Jack Jarvis

Personal information
- Full name: Jack Alexander Jarvis
- Born: 29 May 2003 (age 23) Livingston, Scotland
- Batting: Right-handed
- Bowling: Right-arm medium-fast
- Role: Bowler

International information
- National side: Scotland (2023–present);
- ODI debut (cap 75): 17 February 2023 v Nepal
- Last ODI: 13 August 2026 v Canada
- T20I debut (cap 57): 11 March 2024 v United Arab Emirates
- Last T20I: 17 April 2026 v Namibia

Career statistics
| Competition | ODI | T20I | LA | T20 |
| Matches | 23 | 9 | 26 | 20 |
| Runs scored | 135 | 92 | 165 | 92 |
| Batting average | 10.38 | 15.33 | 11.00 | 11.50 |
| 100s/50s | 0/0 | 0/0 | 0/0 | 0/0 |
| Top score | 30 | 32* | 30 | 32* |
| Balls bowled | 755 | 160 | 869 | 292 |
| Wickets | 27 | 11 | 30 | 22 |
| Bowling average | 25.81 | 21.45 | 27.40 | 19.13 |
| 5 wickets in innings | 0 | 0 | 0 | 0 |
| 10 wickets in match | 0 | 0 | 0 | 0 |
| Best bowling | 4/40 | 3/14 | 4/40 | 4/34 |
| Catches/stumpings | 7/– | 2/– | 7/– | 7/– |
- Source: Cricinfo, 25 September 2026

= Jack Jarvis (cricketer) =

Scottish cricketer (born 2003)

Jack Alexander Jarvis (born 29 May 2003) is a Scottish cricketer who plays as a medium fast bowler.

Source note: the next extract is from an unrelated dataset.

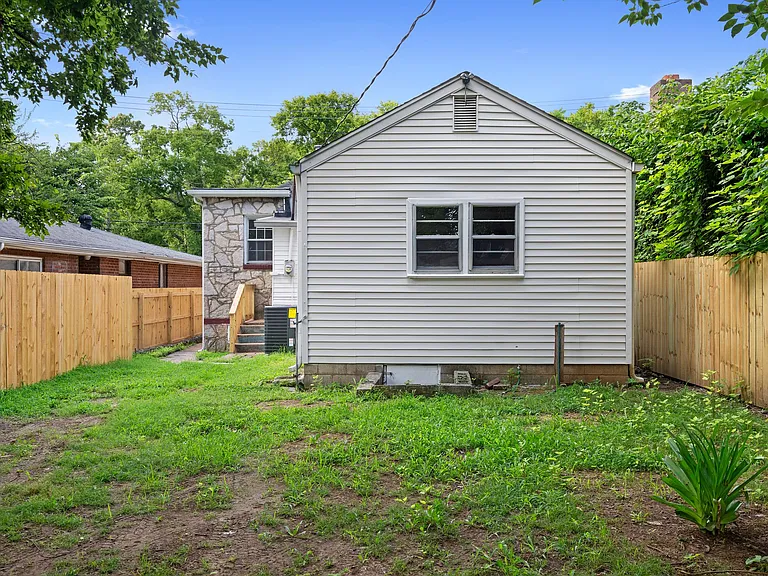 6 Green St — Photo 34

Playing alongside his father, Jarvis started off playing for Livingston Cricket Club in West Lothian.

==International career==
In January 2023, he was named in national squad for the 2023 Nepal Tri-Nation Series which was part of 2019–2023 ICC Cricket World Cup League 2.
He made his One Day International debut on 17 February 2023 against Nepal at Tribhuvan University International Cricket Ground. In May 2023, he was named in Scotland's 15-member squad for 2023 Cricket World Cup Qualifier.

In February 2024, he was named in Scotland's T20I squad for the series against UAE. He made his Twenty20 International debut against United Arab Emirates at Dubai International Cricket Stadium, on 11 March 2024.

In May 2024, he was named in Scotland’s squad for the 2024 ICC Men's T20 World Cup tournament.